What’s more, a summer that many of us will spend in our home towns and cities rather than on a sun lounger calls for a different kind of warm-weather dressing, not the usual flimsy holiday wardrobe. “It’s nice to wear something that’s airy but not too revealing,” adds Fraser. At Joseph, another British label with a bluechip trouser pedigree, joint creative directors Anna Lundback Dyhr and Frederik Dyhr believe that a great pair of trousers should have “a sense of drama”. They are backing “elongated and elevated” fluid trousers, with high waistbands and deep pleats, for their two forthcoming collections.

You don’t have to buy new to get this look. Daisy Marlow and Laura Johnson are the co-founders of Make Nu, a new kind of chic fashion business, which brings taste and knowhow to repurposing and reviving your preloved clothes in order to help you fall in love with them again. “If you’ve got a baggy pair of trousers with allowance at the waistband we can turn them into pleats. We can add belt loops. We can taper the legs,” says Marlow. For a sustainable and affordable route, she suggests going to secondhand stores for a roomy pair of men’s trousers in a nice fabric and having them adapted. “I love this look – it makes me think of late 1970s Bianca Jagger,” says Johnson. “It’s timeless, and we’re all about longevity at Make Nu.”

Onloan is a fashion rental service that works a little like an old-school library card. Pay a subscription, and you can have two or four items on loan at any time. You get newness and sustainability on a Zara budget. “We keep hearing from our customers that rental is a great way to try out a new silhouette,” say co-founders Tamsin Chislett and Natalie Hasseck. “Right now we’ve got two incredible pairs of dad-silhouette trousers that are tenfold our most successful trousers of the moment. It’s taken us completely by surprise, because they are by a brilliant but under-the-radar Italian label, Jejia – no one knows the name, so it’s the shape that people are going for. They are perfectly cut at the waist, so that you can tuck in a white T and it sits perfectly.”

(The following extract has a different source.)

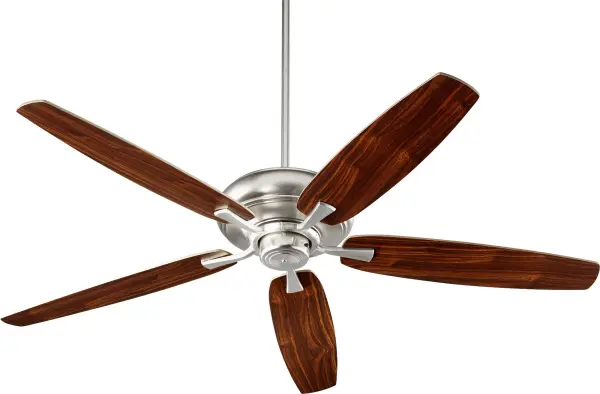 The Apex ceiling fan combines sophisticated transitional styling with impressive performance, delivering 6430 CFM airflow through semi-square tip blades. Its satin nickel finish and quiet 3-speed operation make it ideal for large spaces.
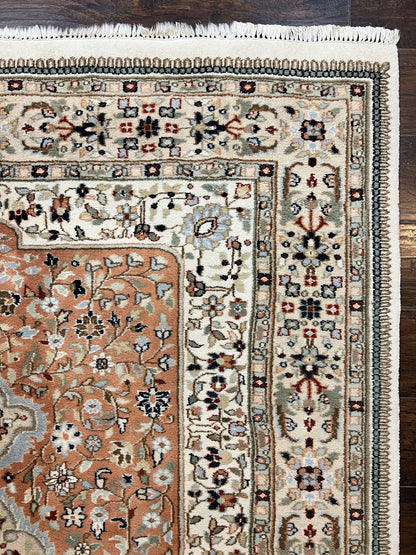 Indo Persian Rug 6x9, Wool Hand Knotted Vintage Carpet, Salmon & Ivory, Traditional Oriental Rug 6 x 9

In her 2011 memoir, Then Again, Diane Keaton writes that Woody Allen told her to “wear what you want to wear … move around like a real person” when he directed her in Annie Hall. What she wanted to wear was “what the cool-looking women on the streets of SoHo were wearing … Annie’s khaki pants, vest and tie came from them.” Ralph Lauren provided most of the clothes, but the styling concept came from Keaton’s fascination with downtown urban style.

In 2021, after a year of dressing for the sofa or the park bench, the impulse to dress up for the city streets – to look cool – is back. And so are Annie Hall’s trousers.